1. Field of the Disclosure
This disclosure relates generally to estimating characteristics of fluids from the measurements of thermal properties of the downhole fluids.
2. Description of the Related Art
Wellbores or boreholes for producing hydrocarbons (such as oil and gas) are drilled using a drill string that includes a tubing made up of jointed tubulars or a continuous coiled tubing and a drilling assembly, also referred to as the bottom hole assembly (BHA), attached to the bottom end of the drill string. The BHA typically includes a number of sensors and tools that are used for evaluating properties of the formation and for drilling directional boreholes. A drill bit attached to the BHA bottom is rotated with a drilling motor in the BHA and/or by rotating the drill string to drill the wellbores. To drill a wellbore, drilling fluid, also referred to as the “mud,” is supplied under pressure to the drill string, which mud discharges at the bottom of the drill bit and circulates back to the surface via an annulus between the drill string and the wellbore inside.

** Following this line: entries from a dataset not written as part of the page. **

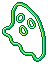 Green Ghost Sticker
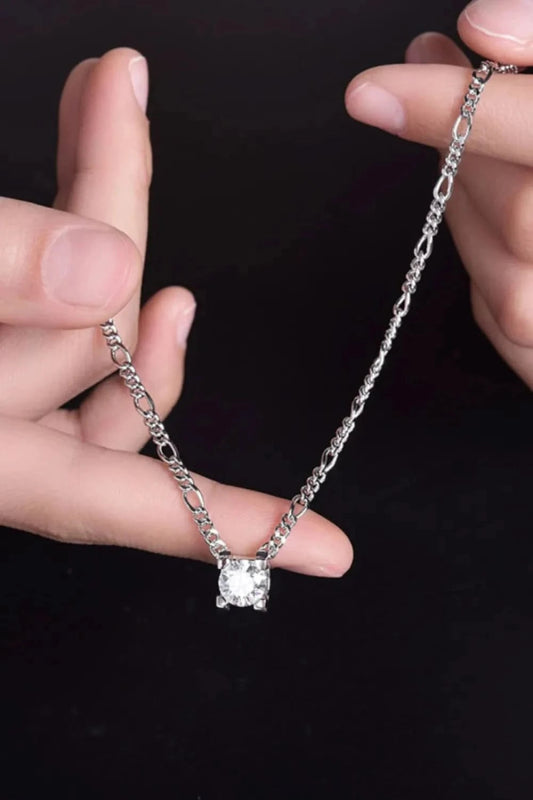 2 Carat Moissanite 925 Sterling Silver Pendant Necklace - ShalayeFashion
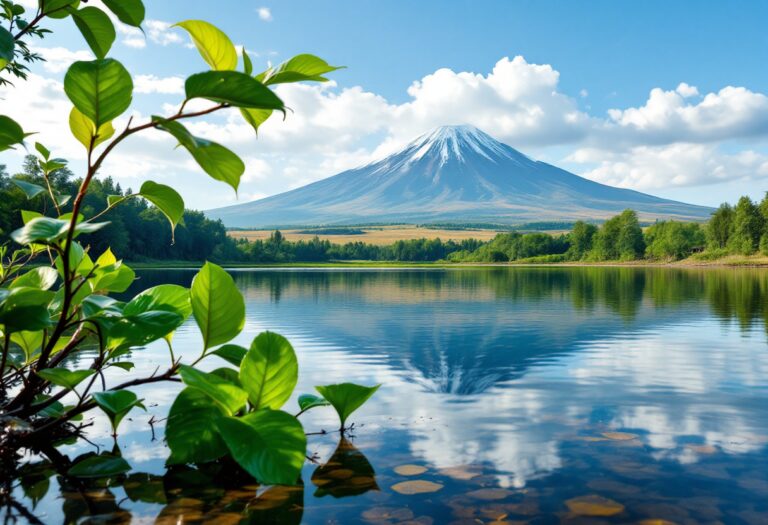 Vista panoramica di architettura immersa nella natura italiana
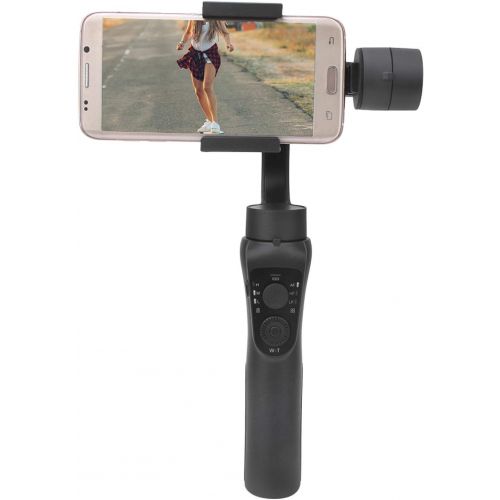  Gaeirt Handheld Three-axis Phone Stabilizer, One Key into Panorama Shooting Mobilephone Stabilizer for Below 6.0 inches Smartphone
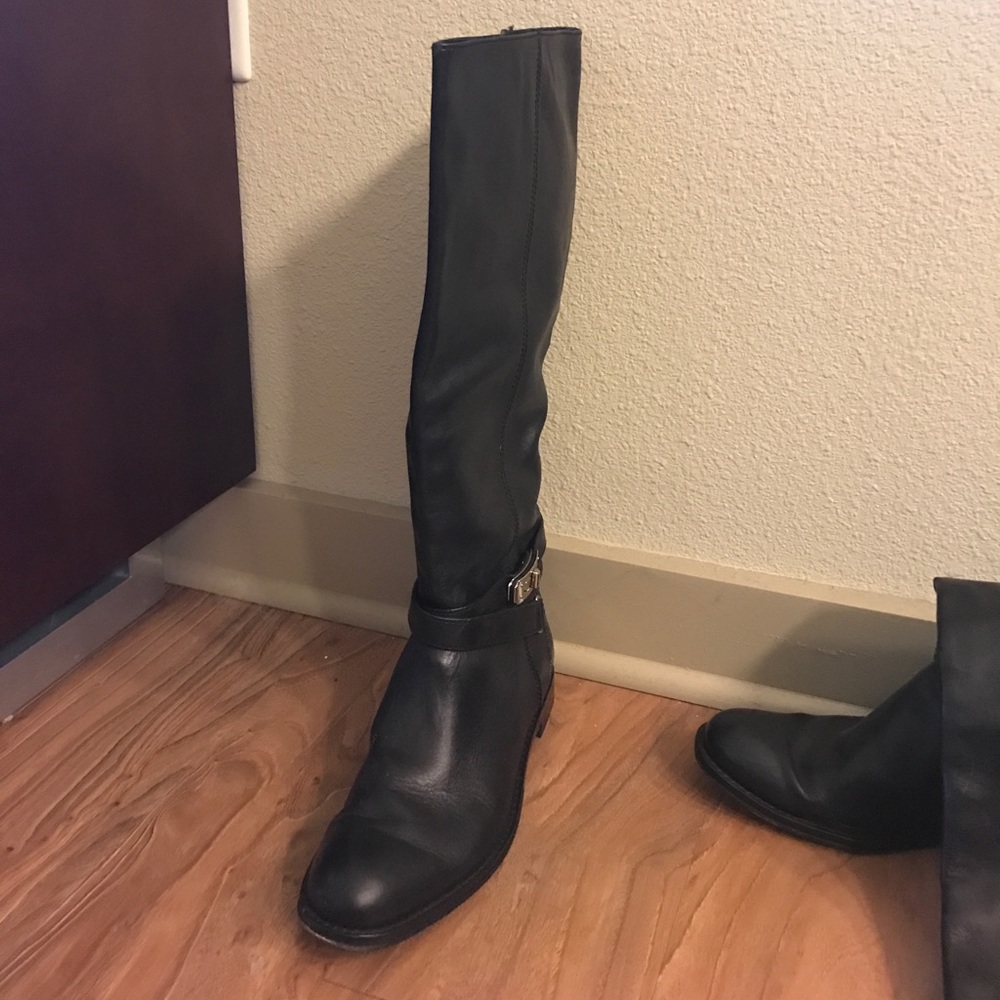 Black Coach Riding Boots Size 8 1/2 - Picture 2 of 4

A majority of the wellbores are drilled under overbalanced conditions, wherein the pressure on the formation surrounding the wellbore due to the weight of the mud column is greater than the natural or connate pressure of the formation. The drilling mud invades the formation to a certain depth and contaminates the connate fluid (fluid present in the formation under natural conditions). It is desirable to estimate or determine the characteristics or properties of interest of the fluid in the formation during drilling of the wellbore. These estimates can then be used to control drilling of the wellbore and to estimate the presence of hydrocarbons. Formation fluid samples also may be taken during drilling of a wellbore and/or after a well has been drilled. To obtain a relatively clean (substantially free of mud filtrate) fluid sample, the formation fluid is typically pumped into the wellbore until clean or uncontaminated formation fluid starts to flow out of the formation. Invasion is less during drilling of a wellbore compared to the invasions after a few hours after the wellbore has been drilled under overbalanced conditions. It is therefore desirable to determine when the formation fluid being withdrawn is clean so that a formation fluid samples may be taken.
The present disclosure provides a downhole tool and method for estimating certain characteristics of downhole fluids, including estimating the contamination of the fluid.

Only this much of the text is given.